> _Data listing_
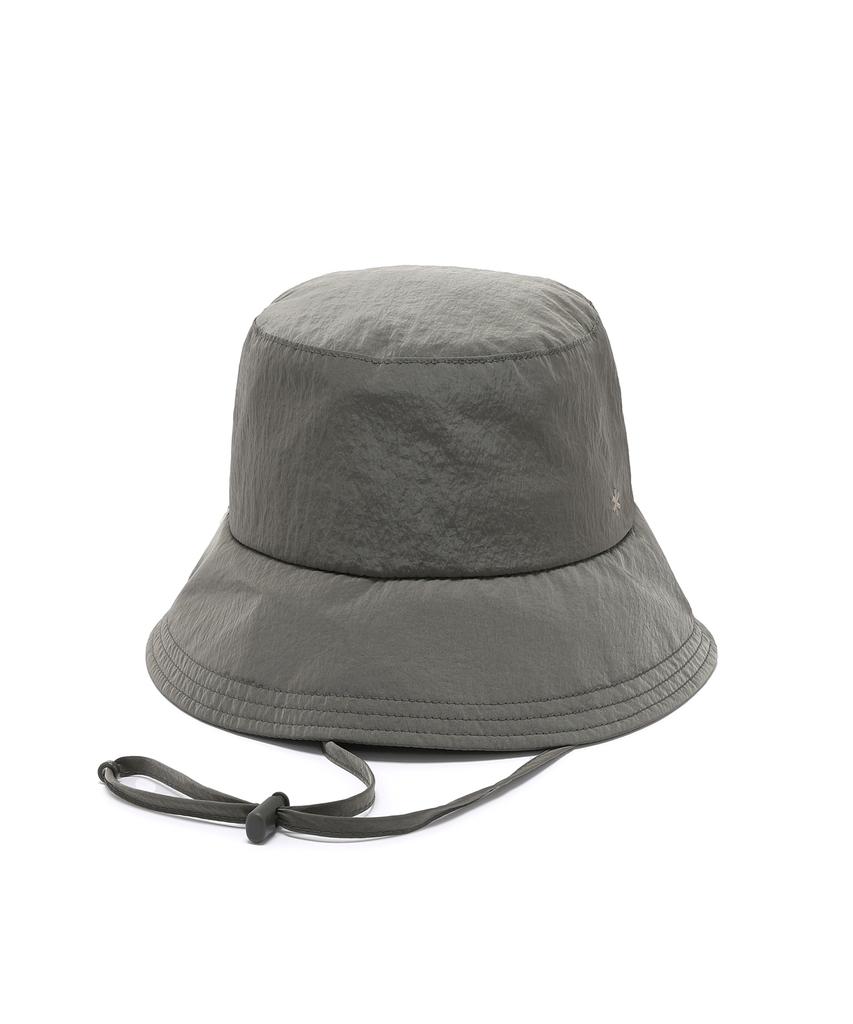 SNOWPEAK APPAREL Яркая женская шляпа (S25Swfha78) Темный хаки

* * *

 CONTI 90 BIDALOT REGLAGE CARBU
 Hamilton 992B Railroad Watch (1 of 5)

> _Task to complete_
Please output exactly the lines between the one holding "CONTI 90 BIDALOT REGLAGE CARBU" and the one holding "Hamilton 992B Railroad Watch (1 of 5)" in the records above, inclusive, and nothing more.

> _Solution to this problem_
 CONTI 90 BIDALOT REGLAGE CARBU
 Hamilton 992B Railroad Watch (1 of 5)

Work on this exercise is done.